Food with roots,” is the slogan of JuneBaby, the second restaurant from Seattle chef Edouardo Jordan. It’s an appropriate phrase—at JuneBaby, Jordan serves dishes inspired by his St. Petersburg, Fla., upbringing, seasoned with French and Italian techniques, and cooked through the lens of the Pacific Northwest. “I’m telling my story [and] letting the food be about me,” he says. “I don’t want to have the same restaurant everyone else has.”

Jordan’s career began in his mother’s kitchen, where she kept him active and out of trouble by encouraging him to learn to cook for himself. A straightforward cook, Velda Jordan used resources like Joy of Cooking to teach Edouardo how to make casseroles, salads, and other quintessential American favorites. But the spirit behind his cooking came from his grandmother, Maggie Jordan, who hailed from Georgia and showed him how to unite people through food.

edouardo jordan

Chef Edouardo Jordan

“She never shared recipes or techniques,” says Jordan. But through years of watching and helping, he eventually learned to make what she cooked from the hip—pies and cobblers, fried chicken and corn pudding, and even the liver and onions he hated as a kid. One of her recipes is on the JuneBaby menu—Grandma’s Pound Cake—though her version probably never saw house-made lovage ice cream.

The seamlessness with which Jordan blends his past and his formal training is what sets JuneBaby apart. After graduating from culinary school, Jordan worked at Thomas Keller’s French Laundry and Per Se, naming chefs like Corey Lee (now of Benu in San Francisco) and Jonathan Benno (formerly of Lincoln in New York City) as professional influences. French techniques, like the from-scratch consommé broth served with Momma Jordan’s Oxtails, grace Southern dishes at JuneBaby. His first restaurant—Salare—was named for the Italian word meaning “to salt,” an homage to Italian salumi culture.

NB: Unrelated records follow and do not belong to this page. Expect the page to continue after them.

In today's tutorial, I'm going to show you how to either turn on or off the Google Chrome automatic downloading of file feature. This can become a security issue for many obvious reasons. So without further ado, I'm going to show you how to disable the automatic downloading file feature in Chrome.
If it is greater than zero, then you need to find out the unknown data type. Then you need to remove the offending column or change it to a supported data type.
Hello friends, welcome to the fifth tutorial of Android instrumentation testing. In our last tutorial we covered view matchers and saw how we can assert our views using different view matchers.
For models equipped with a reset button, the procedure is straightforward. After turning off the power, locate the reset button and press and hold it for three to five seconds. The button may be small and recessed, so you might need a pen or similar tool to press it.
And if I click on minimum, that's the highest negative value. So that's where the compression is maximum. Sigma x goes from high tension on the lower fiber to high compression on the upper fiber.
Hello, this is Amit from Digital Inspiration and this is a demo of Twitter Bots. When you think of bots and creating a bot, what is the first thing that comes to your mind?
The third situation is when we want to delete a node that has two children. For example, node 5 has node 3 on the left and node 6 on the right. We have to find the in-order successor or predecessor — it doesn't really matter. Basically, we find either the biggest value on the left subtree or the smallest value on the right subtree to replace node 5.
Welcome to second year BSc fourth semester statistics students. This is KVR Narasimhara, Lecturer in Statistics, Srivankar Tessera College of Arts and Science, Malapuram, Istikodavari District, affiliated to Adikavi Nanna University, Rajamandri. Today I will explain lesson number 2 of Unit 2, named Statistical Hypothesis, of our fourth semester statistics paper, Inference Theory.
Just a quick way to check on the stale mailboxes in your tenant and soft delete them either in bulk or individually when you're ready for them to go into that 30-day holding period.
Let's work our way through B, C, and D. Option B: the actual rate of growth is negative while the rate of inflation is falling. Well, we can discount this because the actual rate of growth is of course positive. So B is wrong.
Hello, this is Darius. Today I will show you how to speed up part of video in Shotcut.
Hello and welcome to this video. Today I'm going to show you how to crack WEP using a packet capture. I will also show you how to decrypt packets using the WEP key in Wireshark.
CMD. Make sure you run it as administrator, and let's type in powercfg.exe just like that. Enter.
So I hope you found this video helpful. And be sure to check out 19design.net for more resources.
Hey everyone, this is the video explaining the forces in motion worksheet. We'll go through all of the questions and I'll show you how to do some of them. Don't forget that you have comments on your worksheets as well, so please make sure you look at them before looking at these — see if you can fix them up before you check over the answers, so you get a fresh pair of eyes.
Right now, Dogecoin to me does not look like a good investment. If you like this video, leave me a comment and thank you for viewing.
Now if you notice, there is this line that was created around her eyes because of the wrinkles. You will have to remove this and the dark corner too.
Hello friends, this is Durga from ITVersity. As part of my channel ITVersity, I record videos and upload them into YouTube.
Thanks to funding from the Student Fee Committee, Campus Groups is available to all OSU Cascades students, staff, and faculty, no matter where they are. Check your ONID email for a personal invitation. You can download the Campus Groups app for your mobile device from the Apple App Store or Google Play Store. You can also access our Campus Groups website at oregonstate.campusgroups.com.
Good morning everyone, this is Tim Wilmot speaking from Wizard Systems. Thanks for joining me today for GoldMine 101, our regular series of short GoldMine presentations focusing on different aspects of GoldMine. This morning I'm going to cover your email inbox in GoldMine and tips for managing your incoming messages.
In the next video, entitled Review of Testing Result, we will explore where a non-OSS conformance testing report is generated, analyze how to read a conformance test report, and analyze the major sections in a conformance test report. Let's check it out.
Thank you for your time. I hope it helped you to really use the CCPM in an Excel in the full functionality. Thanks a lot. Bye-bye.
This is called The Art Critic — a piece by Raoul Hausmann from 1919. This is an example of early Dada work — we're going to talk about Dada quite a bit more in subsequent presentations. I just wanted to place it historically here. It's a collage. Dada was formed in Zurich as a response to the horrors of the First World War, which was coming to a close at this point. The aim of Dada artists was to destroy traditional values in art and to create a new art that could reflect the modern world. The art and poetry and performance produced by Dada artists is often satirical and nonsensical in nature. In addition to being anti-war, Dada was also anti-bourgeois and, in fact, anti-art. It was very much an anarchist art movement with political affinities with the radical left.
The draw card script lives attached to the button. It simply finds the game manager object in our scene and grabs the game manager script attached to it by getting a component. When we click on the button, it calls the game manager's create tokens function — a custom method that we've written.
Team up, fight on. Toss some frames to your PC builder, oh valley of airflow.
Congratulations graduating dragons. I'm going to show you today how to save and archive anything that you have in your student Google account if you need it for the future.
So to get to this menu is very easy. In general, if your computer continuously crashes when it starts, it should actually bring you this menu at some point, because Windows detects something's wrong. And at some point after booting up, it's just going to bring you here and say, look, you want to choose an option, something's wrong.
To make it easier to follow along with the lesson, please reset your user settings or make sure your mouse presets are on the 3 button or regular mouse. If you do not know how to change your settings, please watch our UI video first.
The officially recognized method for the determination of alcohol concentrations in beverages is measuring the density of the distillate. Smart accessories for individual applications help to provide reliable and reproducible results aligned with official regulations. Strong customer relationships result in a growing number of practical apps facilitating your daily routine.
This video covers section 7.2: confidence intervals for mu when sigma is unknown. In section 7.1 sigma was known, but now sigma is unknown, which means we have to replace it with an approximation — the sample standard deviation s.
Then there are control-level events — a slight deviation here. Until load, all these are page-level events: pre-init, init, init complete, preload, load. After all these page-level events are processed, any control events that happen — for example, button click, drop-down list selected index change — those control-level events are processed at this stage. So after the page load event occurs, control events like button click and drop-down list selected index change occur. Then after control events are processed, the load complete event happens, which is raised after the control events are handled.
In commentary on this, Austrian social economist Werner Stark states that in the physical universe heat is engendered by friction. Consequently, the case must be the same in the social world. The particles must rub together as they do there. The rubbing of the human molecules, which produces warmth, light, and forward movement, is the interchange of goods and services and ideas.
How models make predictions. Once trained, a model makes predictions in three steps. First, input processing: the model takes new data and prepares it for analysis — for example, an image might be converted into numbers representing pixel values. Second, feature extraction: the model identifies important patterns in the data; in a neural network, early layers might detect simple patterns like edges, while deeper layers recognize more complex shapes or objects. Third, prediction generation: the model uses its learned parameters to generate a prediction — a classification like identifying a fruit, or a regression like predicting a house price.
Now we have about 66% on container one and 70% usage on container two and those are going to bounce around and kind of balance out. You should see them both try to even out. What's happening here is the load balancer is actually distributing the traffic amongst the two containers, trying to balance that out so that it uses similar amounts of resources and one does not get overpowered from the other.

“I got into Italian cooking because it was more like Southern food,” he says, noting the reverence for simple ingredient- and season-driven foods in both cuisines. In the Pacific Northwest, Jordan has found foods that bring back memories of Italy, such as Taleggio-esque Tallulah cheese from Glendale Shepherd, a soft-ripened, washed-rind sheep’s milk wedge. In fact, he treats all cheeses as secret weapons, adding them to dishes that he wants to “sing a little louder than others.”

Jordan’s cooking, however, rarely needs the volume turned up. Food writer Bethany Jean Clement describes his rise as “meteoric”; he’s earned accolades around the industry as a Food & Wine Best New Chef and a James Beard Award nominee, and JuneBaby was named one of Eater’s best new restaurants in July 2017. This sudden success has thrust him into a role that he both deserves and is a bit reluctant to take on: one of the few black chefs cooking Southern food at a nationally recognized level. “I’m a very humble person, nothing has been given to me, I’ve always had to fight harder,” he says.

edouardo jordan

Jordan’s lack of a mentor makes his fame all the more impressive. “I didn’t have voices out there that I connected to,” he says. “Being a minority, I’ve experienced the same challenges as any other young chef, but with the addition of feeling lonely in the industry.”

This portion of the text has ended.